Neither of these assignments of error presents a Federal question in such sense as to give this court jurisdiction to review the judgment of the state court under section 709 of the Revised Statutes of the United States. Nothing is better settled in Federal jurisprudence than that the jurisdiction of this court in such cases depends upon the assertion of a right, title, privilege or immunity under the Federal Constitution or laws set up and denied in the state courts. Beals v. Cone, 188 U.S. 184.

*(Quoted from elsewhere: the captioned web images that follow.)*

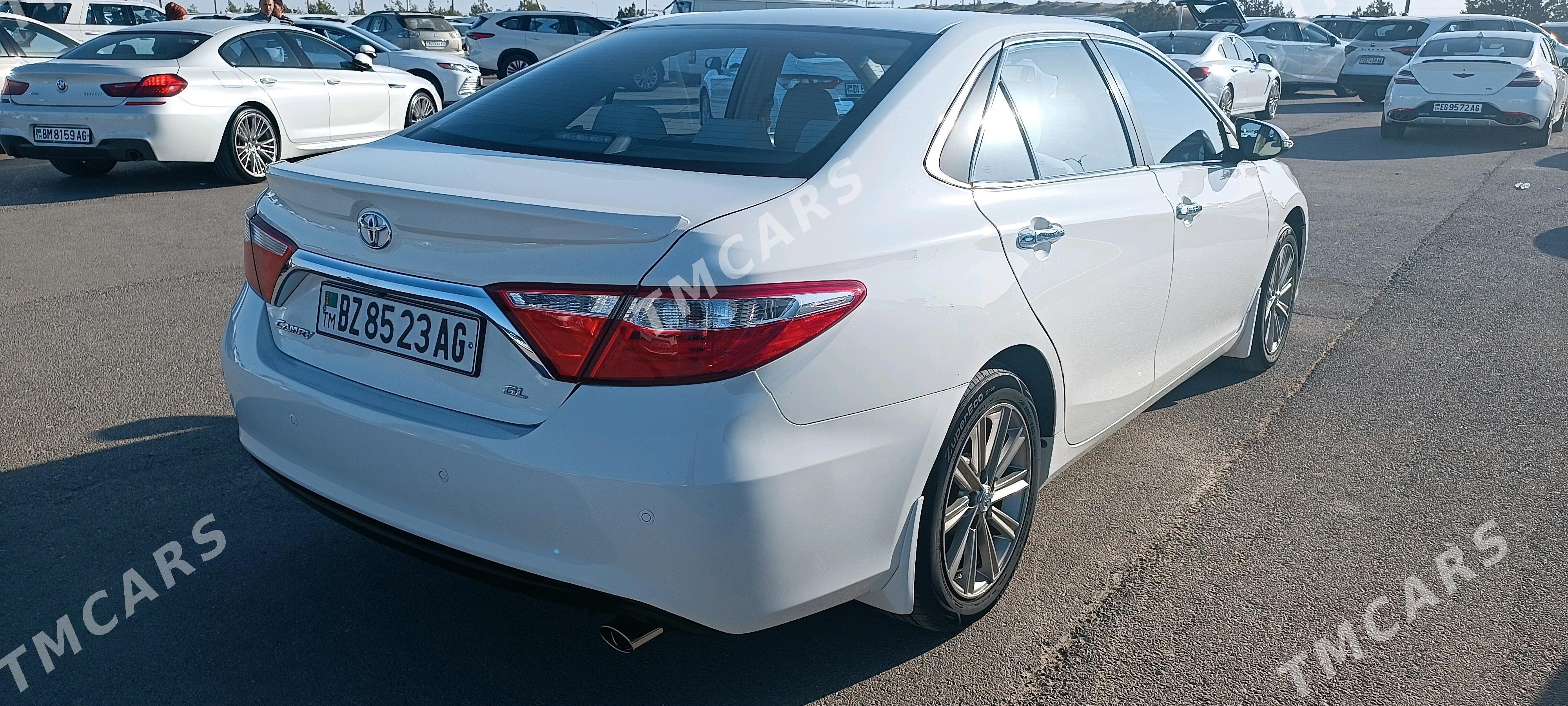 Toyota Camry 2017 - 260 000 TMT - Хитровка - img 4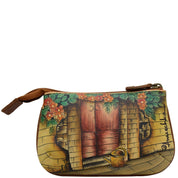 Medium Zip Pouch - 1107 - Anuschka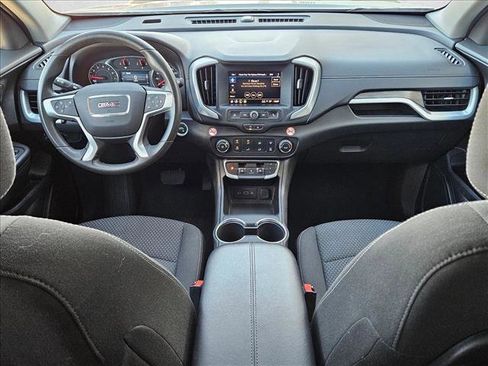 Used 2024 GMC Terrain SLE FWD image 17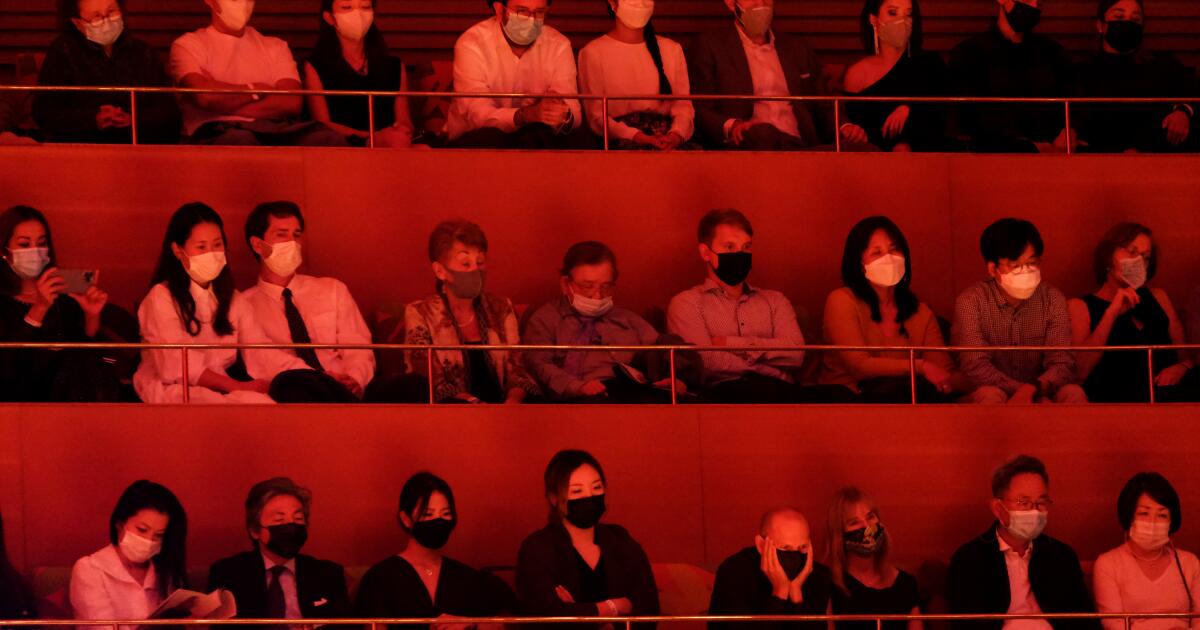 On the fifth anniversary of the COVID-19 pandemic, what have we learned?: L.A. Arts and Culture this week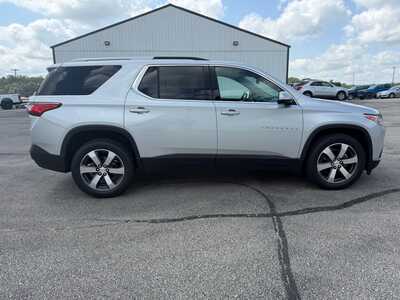 2018 Chevrolet Traverse, $17500. Photo 4
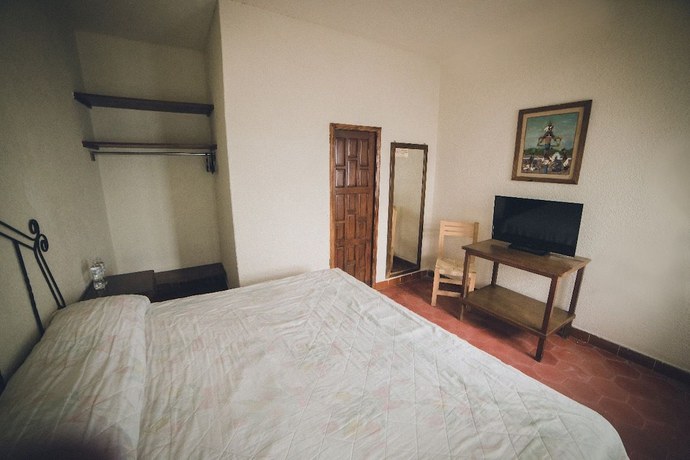 Imagen de la habitación del Hotel Posada del Camino Viejo. Foto 5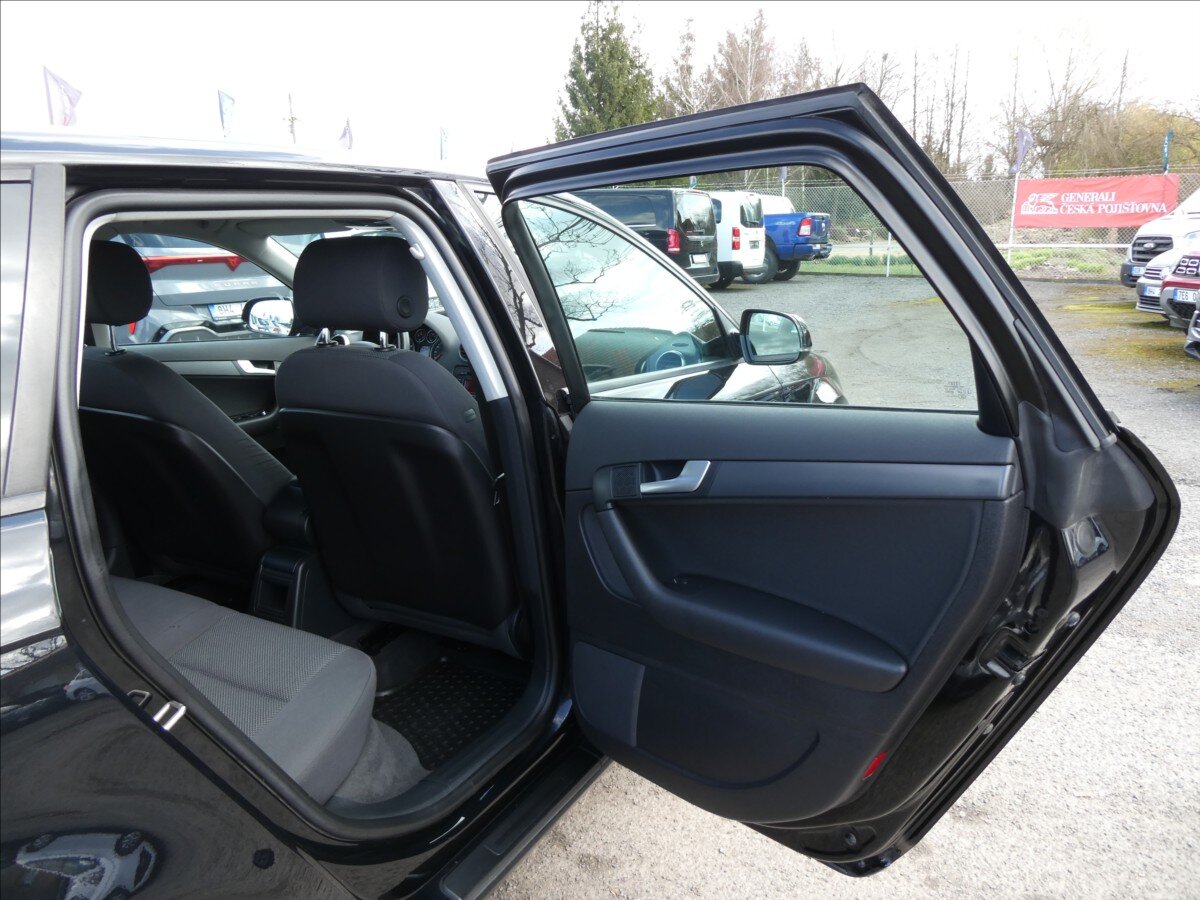 Audi A3 Hatchback 1,2 l 77 kw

The first error assigned in the Common Pleas Court raised the question as to the law of the contract. It does not assert that any Federal right was invaded or denied. It seems to have been conceded at the trial that the law of the State of New York where the contract was made permitted the making of a contract limiting the liability of the carrier to the agreed valuation in consideration of the lower freight rate for carriage, the shipper having the opportunity to have the larger liability for the value of the goods if the higher rate of freight for carriage was paid. This rule also prevails in the courts of the United States, Hart v. Railroad, 112 U.S. 331, wherein it was held that a contract fairly made and signed by the shipper, agreeing on a valuation of the property carried, with a rate of freight based on such valuation, on the condition that the carrier assume liability only to the extent of such agreed valuation, in case of loss by the negligence of the carrier, will be upheld as a proper and lawful mode of securing a due proportion between the amount for which the carrier is responsible and the freight received, and of protecting the carrier against extravagant valuations. But this is not a question of Federal law wherein the decision of the highest Federal tribunal is of conclusive authority. In Grogan v. Adams Express Co., 114 Pa. 523, the Supreme Court of Pennsylvania expressly declined to follow the rule laid down in Hart v. Railroad, adhering to its own declared doctrine denying the right of a common carrier to thus limit its liability for injuries resulting from negligence. The cases are numerous and conflicting, different rules prevailing in different States. The Federal courts in cases of which they have jurisdiction will doubtless continue to follow the rule of the Hart case, but the highest court of Pennsylvania may administer the common law according to its understanding and interpretation of it, being only amenable to review in the Federal Supreme Court where some right, title, immunity or privilege, the creation of the Federal power, has been asserted and denied. Bethell v. Demaret, 10 Wall. 537; Delmas v. Ins. Co., 14 Wall. 661; Ins. Co. v. Hendren, 92 U.S. 286; United States v. Thompson, 93 U.S. 587.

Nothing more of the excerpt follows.